### Recorded data
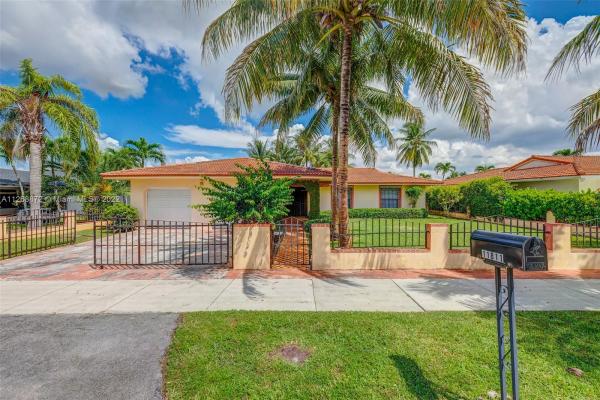 International Gardens, 11811 SW 25th Ter, Tamiami, Florida 33175, image 1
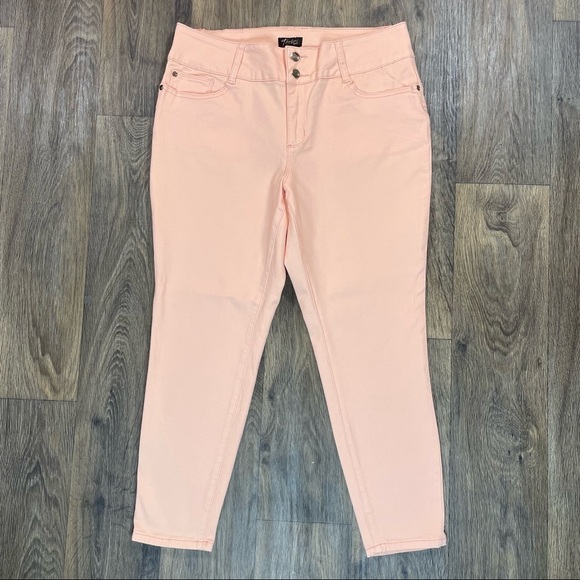 New Without Tags Thalia Sodi High Waisted Pants - Picture 1 of 8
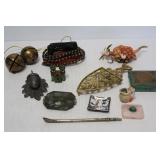 Collectible Tray Lot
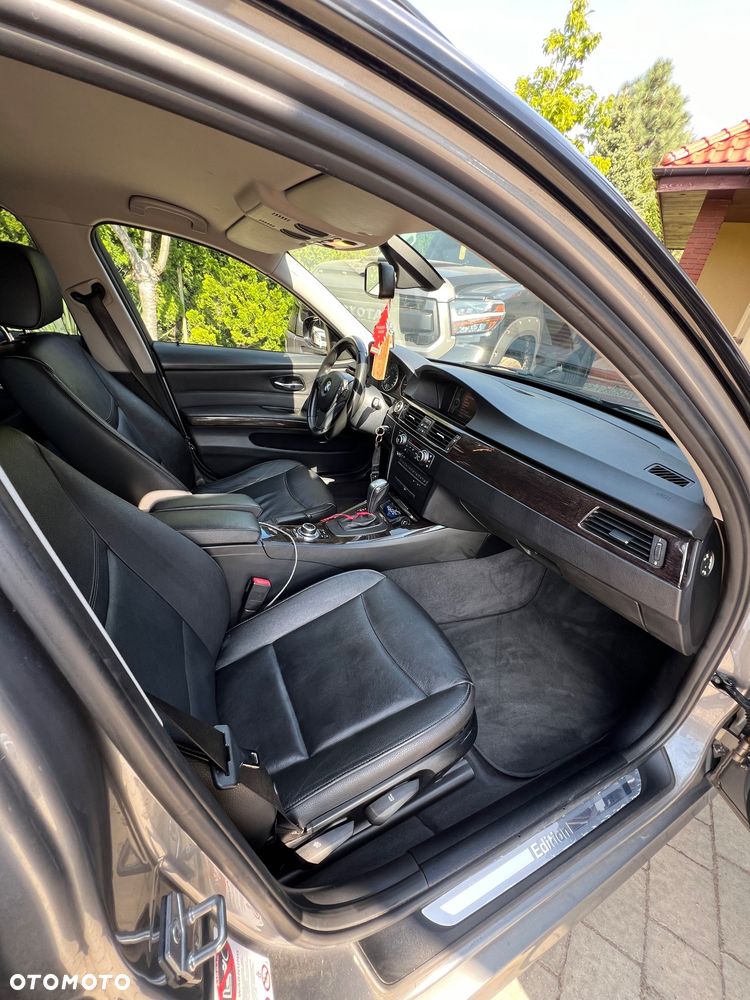 BMW Seria 3 - 11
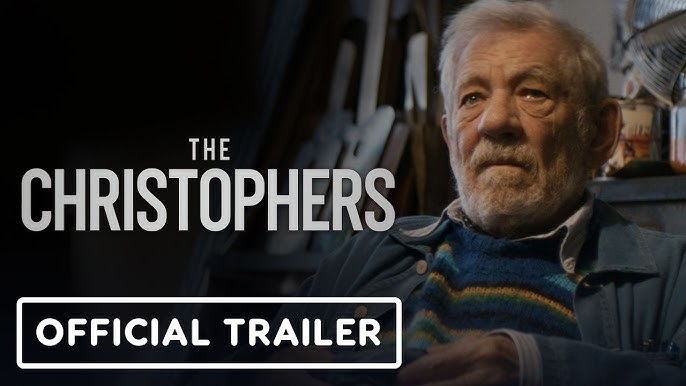 You are currently viewing Ο Steven Soderbergh επιστρέφει με το «The Christophers»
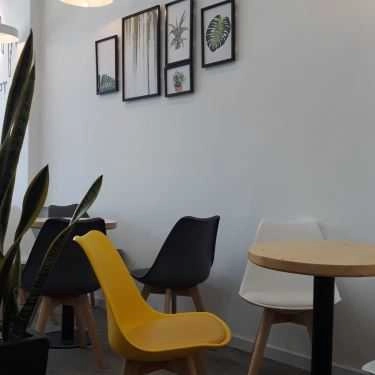 Tổng hợp- Cafe Trà Sữa Tea Expert - Phan Huy Ích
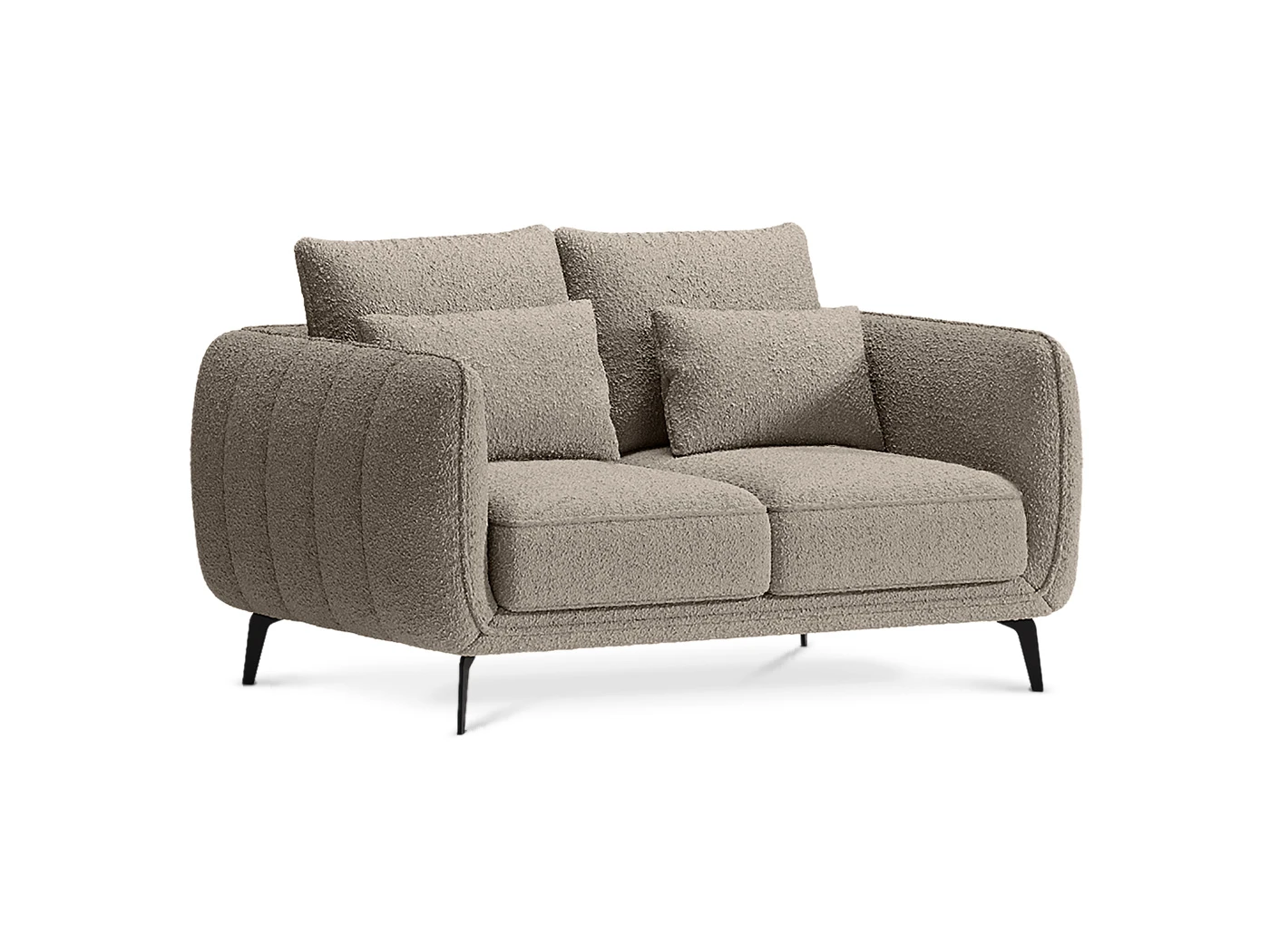 Диван Amsterdam двухместный 933390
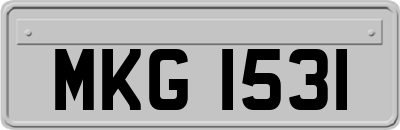MKG1531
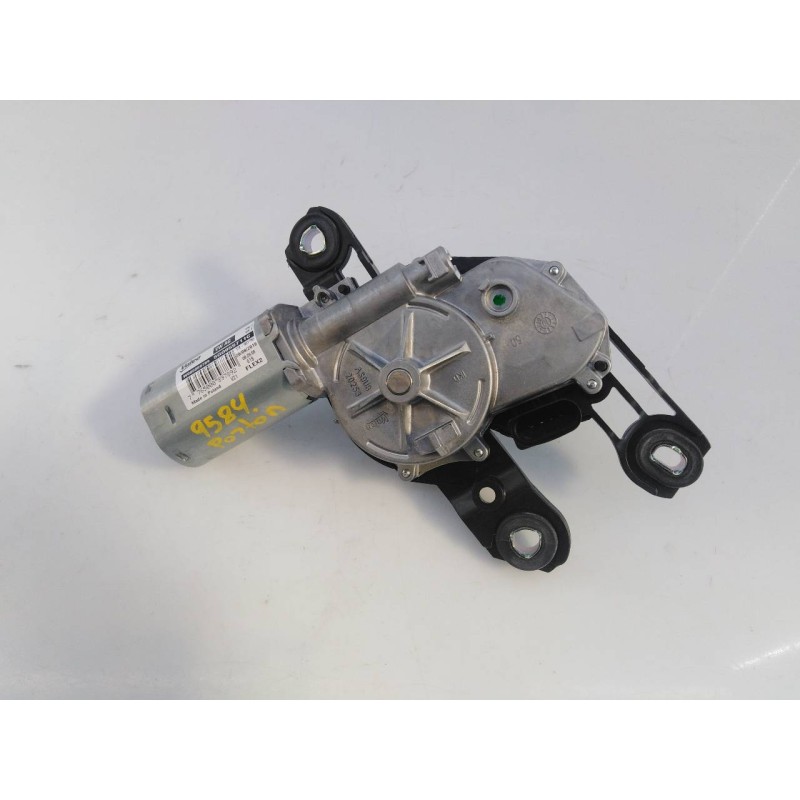 Recambio de motor limpia trasero para volkswagen polo advance referencia OEM IAM 5G0955711C  E1-B6-4-2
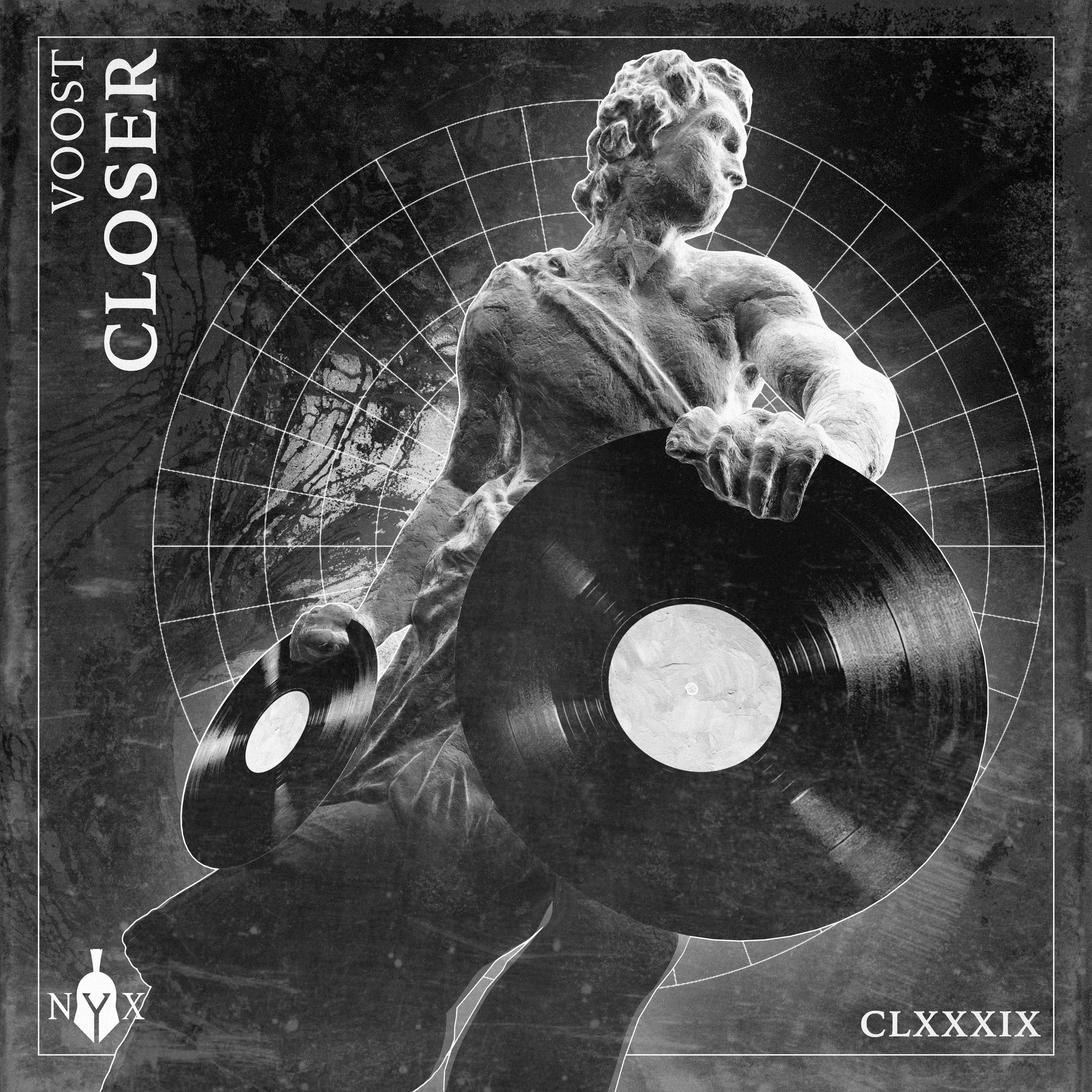 Closer - Single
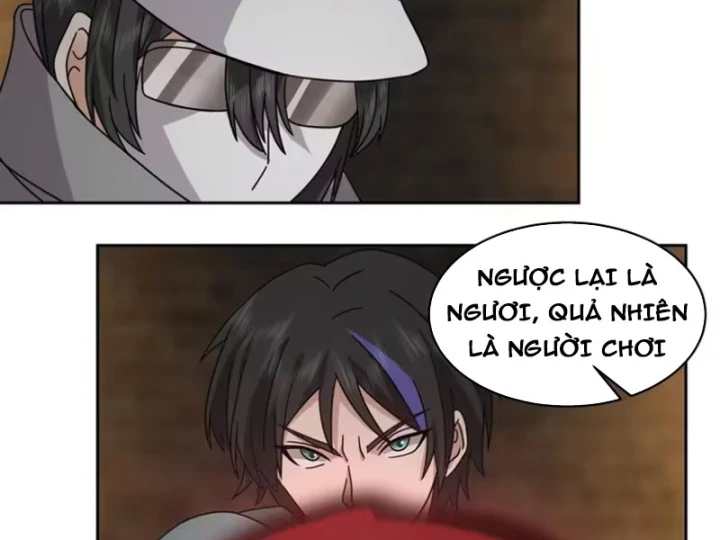 Tiến Hóa Ban Đầu Chapter 48 - 39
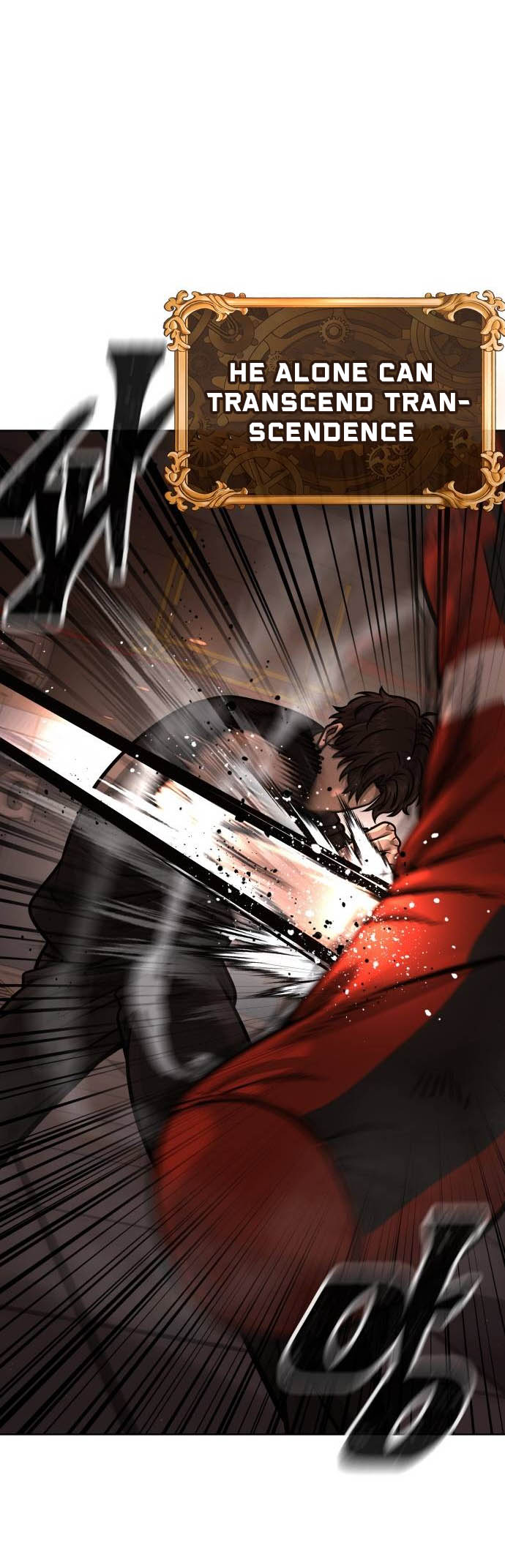 Read QUESTISM EN Manga Online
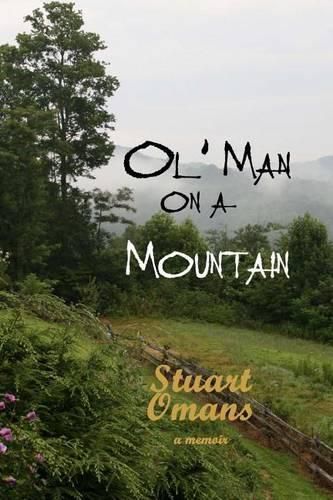 Cover image for Ol' Man on a Mountain
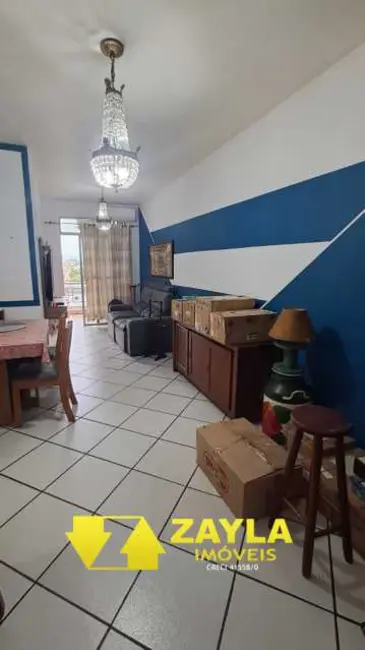 Apartamento com 2 quartos à venda, 70m2 em Rio De Janeiro - RJ - imagem 4 Foto 4 de Apartamento com 2 quartos à venda, 70m2 em Rio De Janeiro - RJ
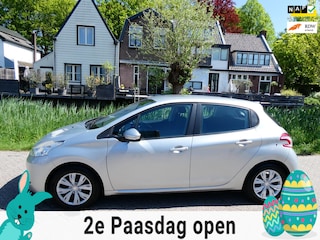 Peugeot 208 1.2 VTi 5-deurs Airco Cruise 142.000km 2e eig. Zuinig A-Label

### Your instructions
From the first line to the last, copy the listing above exactly, dropping all images.

### Written solution
 International Gardens, 11811 SW 25th Ter, Tamiami, Florida 33175, image 1
 New Without Tags Thalia Sodi High Waisted Pants - Picture 1 of 8
 Collectible Tray Lot
 BMW Seria 3 - 11
 You are currently viewing Ο Steven Soderbergh επιστρέφει με το «The Christophers»
 Tổng hợp- Cafe Trà Sữa Tea Expert - Phan Huy Ích
 Диван Amsterdam двухместный 933390
MKG1531
 Recambio de motor limpia trasero para volkswagen polo advance referencia OEM IAM 5G0955711C  E1-B6-4-2
 Closer - Single
 Tiến Hóa Ban Đầu Chapter 48 - 39
 Read QUESTISM EN Manga Online
 Cover image for Ol' Man on a Mountain
 Apartamento com 2 quartos à venda, 70m2 em Rio De Janeiro - RJ - imagem 4 Foto 4 de Apartamento com 2 quartos à venda, 70m2 em Rio De Janeiro - RJ
 Peugeot 208 1.2 VTi 5-deurs Airco Cruise 142.000km 2e eig. Zuinig A-Label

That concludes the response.